When your message is concrete, then your audience has a clear picture of what you’re telling them. There are details (but not too many!) and vivid facts, and there’s laser-like focus. Your message is solid.

4. Correct

When your communication is correct, it fits your audience. And correct communication is also error-free communication.

  • Do the technical terms you use fit your audience’s level of education or knowledge?
  • Have you checked your writing for grammatical errors? Remember, spell checkers won’t catch everything.
  • Are all names and titles spelled correctly?

5. Coherent

When your communication is coherent, it’s logical. All points are connected and relevant to the main topic, and the tone and flow of the text is consistent.

6. Complete

In a complete message, the audience has everything they need to be informed and, if applicable, take action.

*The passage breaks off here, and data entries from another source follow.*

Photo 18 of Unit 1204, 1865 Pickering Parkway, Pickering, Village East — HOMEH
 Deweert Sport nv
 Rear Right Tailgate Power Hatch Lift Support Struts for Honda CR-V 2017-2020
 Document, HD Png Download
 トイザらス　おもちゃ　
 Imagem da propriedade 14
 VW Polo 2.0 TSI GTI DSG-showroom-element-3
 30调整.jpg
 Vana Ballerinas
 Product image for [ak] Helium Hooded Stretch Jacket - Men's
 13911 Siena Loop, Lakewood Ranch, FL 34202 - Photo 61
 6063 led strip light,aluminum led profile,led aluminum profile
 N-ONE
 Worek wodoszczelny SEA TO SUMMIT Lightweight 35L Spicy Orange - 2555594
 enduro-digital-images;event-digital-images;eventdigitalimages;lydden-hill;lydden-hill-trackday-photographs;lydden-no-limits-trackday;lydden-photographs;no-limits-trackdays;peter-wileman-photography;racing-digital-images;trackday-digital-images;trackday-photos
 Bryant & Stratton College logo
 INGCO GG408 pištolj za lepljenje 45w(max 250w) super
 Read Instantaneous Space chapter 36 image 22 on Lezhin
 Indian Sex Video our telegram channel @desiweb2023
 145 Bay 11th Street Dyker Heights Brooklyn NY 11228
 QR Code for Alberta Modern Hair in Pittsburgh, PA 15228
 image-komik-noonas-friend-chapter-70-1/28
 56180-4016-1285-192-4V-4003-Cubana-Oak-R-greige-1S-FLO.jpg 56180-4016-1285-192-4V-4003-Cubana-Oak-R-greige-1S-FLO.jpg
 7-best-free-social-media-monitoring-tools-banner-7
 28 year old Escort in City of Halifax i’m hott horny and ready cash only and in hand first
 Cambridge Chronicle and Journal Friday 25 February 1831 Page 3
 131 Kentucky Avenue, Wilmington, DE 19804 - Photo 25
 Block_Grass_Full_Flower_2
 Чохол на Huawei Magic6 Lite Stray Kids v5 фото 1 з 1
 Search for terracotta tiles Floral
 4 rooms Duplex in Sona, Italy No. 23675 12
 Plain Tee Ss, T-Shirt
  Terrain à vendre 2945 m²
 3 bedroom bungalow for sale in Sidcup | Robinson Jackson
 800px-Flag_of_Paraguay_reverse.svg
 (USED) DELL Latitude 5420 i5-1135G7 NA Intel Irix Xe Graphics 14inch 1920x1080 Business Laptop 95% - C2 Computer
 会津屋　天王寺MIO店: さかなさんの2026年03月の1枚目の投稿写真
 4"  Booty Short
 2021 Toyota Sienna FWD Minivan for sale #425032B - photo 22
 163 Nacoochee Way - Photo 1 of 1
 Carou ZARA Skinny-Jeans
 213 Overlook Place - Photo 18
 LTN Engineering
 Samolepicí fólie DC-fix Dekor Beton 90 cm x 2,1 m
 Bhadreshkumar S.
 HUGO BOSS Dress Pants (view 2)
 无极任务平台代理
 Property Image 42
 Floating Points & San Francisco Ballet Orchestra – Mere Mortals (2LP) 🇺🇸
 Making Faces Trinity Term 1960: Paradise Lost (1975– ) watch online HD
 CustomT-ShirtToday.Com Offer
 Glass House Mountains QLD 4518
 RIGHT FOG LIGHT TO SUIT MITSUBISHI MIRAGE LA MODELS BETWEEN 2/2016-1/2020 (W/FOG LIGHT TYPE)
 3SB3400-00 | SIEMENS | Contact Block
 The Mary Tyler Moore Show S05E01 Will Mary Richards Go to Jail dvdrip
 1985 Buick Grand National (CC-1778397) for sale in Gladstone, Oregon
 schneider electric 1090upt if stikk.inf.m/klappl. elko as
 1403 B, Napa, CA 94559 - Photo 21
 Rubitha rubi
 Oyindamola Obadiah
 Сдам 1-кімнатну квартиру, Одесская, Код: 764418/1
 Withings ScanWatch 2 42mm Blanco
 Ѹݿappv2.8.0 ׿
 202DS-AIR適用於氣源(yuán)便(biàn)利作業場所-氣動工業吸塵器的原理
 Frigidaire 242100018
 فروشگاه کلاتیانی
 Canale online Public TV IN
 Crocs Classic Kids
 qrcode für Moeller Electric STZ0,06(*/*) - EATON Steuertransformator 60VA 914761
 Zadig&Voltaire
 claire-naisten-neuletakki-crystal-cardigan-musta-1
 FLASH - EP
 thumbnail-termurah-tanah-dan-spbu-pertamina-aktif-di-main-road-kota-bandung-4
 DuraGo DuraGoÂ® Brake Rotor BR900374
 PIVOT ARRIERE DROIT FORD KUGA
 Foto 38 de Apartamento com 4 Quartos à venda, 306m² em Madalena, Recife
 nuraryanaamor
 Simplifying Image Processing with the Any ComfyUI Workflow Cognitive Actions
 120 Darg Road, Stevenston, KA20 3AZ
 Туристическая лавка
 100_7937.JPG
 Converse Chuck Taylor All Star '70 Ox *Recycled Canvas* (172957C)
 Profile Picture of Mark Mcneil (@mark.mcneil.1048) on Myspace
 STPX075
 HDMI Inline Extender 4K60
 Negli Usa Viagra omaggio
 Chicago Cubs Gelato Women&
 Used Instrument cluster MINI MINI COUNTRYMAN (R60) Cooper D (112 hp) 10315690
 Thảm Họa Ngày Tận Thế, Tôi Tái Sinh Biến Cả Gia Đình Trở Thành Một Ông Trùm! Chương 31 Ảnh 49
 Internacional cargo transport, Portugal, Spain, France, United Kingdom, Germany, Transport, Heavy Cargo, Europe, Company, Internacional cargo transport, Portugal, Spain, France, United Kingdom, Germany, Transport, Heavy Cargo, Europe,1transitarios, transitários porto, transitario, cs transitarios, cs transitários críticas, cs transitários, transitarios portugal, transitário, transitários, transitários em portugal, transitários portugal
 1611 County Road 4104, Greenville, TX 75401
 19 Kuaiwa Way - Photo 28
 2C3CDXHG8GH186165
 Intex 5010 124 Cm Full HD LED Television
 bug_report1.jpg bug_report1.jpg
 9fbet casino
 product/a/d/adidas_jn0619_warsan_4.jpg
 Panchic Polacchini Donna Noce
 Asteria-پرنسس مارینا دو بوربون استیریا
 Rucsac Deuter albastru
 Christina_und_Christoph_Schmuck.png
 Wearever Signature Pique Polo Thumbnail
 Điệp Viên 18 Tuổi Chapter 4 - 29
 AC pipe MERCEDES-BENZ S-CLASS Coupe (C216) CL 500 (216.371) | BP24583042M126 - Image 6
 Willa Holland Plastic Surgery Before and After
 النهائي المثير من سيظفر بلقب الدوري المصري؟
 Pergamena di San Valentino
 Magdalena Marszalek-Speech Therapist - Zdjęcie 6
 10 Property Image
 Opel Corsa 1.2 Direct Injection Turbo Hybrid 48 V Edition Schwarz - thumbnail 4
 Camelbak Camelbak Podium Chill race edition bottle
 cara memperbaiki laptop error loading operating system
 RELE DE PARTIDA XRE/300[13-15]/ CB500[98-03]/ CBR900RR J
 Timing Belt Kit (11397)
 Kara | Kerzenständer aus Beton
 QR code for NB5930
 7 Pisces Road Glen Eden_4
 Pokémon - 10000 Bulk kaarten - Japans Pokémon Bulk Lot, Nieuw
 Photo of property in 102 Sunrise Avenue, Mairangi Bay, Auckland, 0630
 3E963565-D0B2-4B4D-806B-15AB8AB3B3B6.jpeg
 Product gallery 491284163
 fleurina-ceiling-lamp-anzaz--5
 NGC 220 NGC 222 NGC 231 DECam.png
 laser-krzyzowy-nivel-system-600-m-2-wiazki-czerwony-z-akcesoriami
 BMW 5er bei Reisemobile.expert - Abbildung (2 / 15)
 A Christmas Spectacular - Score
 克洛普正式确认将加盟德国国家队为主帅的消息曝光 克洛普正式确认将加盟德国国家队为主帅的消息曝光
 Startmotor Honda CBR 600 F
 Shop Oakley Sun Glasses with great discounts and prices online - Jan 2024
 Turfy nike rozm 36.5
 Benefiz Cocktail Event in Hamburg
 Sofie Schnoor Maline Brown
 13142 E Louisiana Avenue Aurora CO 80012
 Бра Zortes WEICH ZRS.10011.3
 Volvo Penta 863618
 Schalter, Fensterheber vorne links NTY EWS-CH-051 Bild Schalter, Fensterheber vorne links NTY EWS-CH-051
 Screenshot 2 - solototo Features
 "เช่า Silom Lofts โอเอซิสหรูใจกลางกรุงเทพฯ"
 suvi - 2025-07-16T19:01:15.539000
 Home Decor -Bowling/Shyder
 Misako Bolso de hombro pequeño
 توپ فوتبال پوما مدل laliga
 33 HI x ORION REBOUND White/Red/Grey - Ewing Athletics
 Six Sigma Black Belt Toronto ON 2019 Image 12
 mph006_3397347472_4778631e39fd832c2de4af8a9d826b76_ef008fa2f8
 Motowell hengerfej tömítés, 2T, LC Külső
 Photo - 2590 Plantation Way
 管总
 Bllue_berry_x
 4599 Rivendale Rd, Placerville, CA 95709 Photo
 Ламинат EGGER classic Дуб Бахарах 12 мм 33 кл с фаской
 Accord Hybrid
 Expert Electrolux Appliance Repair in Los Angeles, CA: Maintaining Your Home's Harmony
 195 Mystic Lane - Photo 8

  • Does your message include a “call to action,” so that your audience clearly knows what you want them to do?
  • Have you included all relevant information – contact names, dates, times, locations, and so on?

7. Courteous

Courteous communication is friendly, open, and honest. There are no hidden insults or passive-aggressive tones. You keep your reader’s viewpoint in mind, and you’re empathetic to their needs.

Note:

There are a few variations of the 7 Cs of Communication:

  • Credible – Does your message improve or highlight your credibility? This is especially important when communicating with an audience that doesn’t know much about you.
  • Creative – Does your message communicate creatively? Creative communication helps keep your audience engaged.

Key Points

All of us communicate every day. The better we communicate, the more credibility we’ll have with our clients, our boss, and our colleagues.
Use the 7 Cs of Communication as a checklist for all of your communication. By doing this, you’ll stay clear, concise, concrete, correct, coherent, complete, and courteous.